Parte rilevante dell’attività, inoltre, è:

  • la formalizzazione di procedure ad hoc utili all’individuazione delle modalità operative, dei principi generali di comportamento, dei flussi informativi e i responsabili di funzione atti a presidiare le più importanti attività di natura fiscali, come, tra i tanti, la redazione e la formalizzazione dei dichiarativi rilevanti (Modello IVA, Modello IRES e Modello IRAP);
  • l’integrazione e aggiornamento delle procedure al fine di rafforzare i presidi già in essere in ottica di prevenzione del rischio fiscale.

L’aggiornamento e/o l’implementazione dei presidi in linea con i reati presupposto (tributari) previsti dalla 231 è da considerarsi un’efficace primo step per introdurre sistemi / procedure che garantiscano un iniziale monitoraggio e controllo del rischio fiscale nell’organizzazione aziendale. Difatti, la sola implementazione delle attività e degli strumenti summenzionati – utile ad aggiornare correttamente il Modello Organizzativo con le più recenti modifiche normative – è finalizzata, in linea di principio, alla sola prevenzione di determinati reati tributari.

Pertanto, l’estensione di talune casistiche di reati di natura tributaria nel novero dei reati presupposto 231 ed i connessi lavori di aggiornamento richiesti possono rappresentare un’importante opportunità per valutare un percorso di maggiore sistematicità e completezza nella strategia di prevenzione del rischio fiscale ovvero la possibilità di iniziare ad intraprendere un percorso volto alla predisposizione di un c.d. Tax Control Framework (anche TCF).

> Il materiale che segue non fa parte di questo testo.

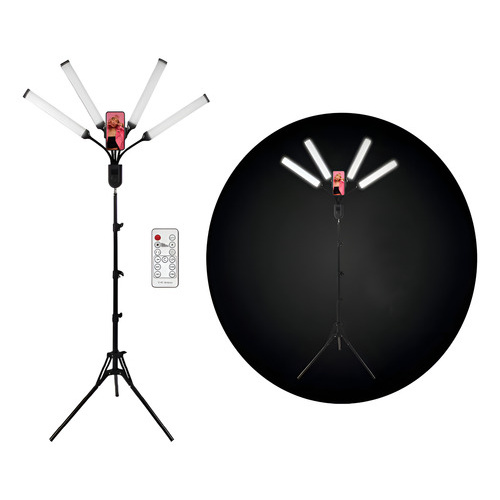 Luz led estrella 4 brazos flexibles bl-04 trípode hogar mlpz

Tale opportunità diventa ancora più rilevante in quelle organizzazioni che, parallelamente ad un Modello Organizzativo 231, sono dotate anche di procedure derivanti dalle disposizioni previste dall’art. 154-bis del TUF ovvero la predisposizione, da parte del dirigente preposto alla redazione dei documenti contabili societari, di adeguate procedure amministrative e contabili per la formazione del bilancio di esercizio e, ove previsto, del bilancio consolidato nonché di ogni altra comunicazione di carattere finanziario.

Tale procedura, benché riservata a specifici contesti e contribuenti, è da annoverare in quanto aiuta indubbiamente a fortificare il sistema di prevenzione, intervenendo su uno degli aspetti più rilevanti e connessi alla variabile fiscale ovvero la corretta alimentazione e gestione delle scritture contabili.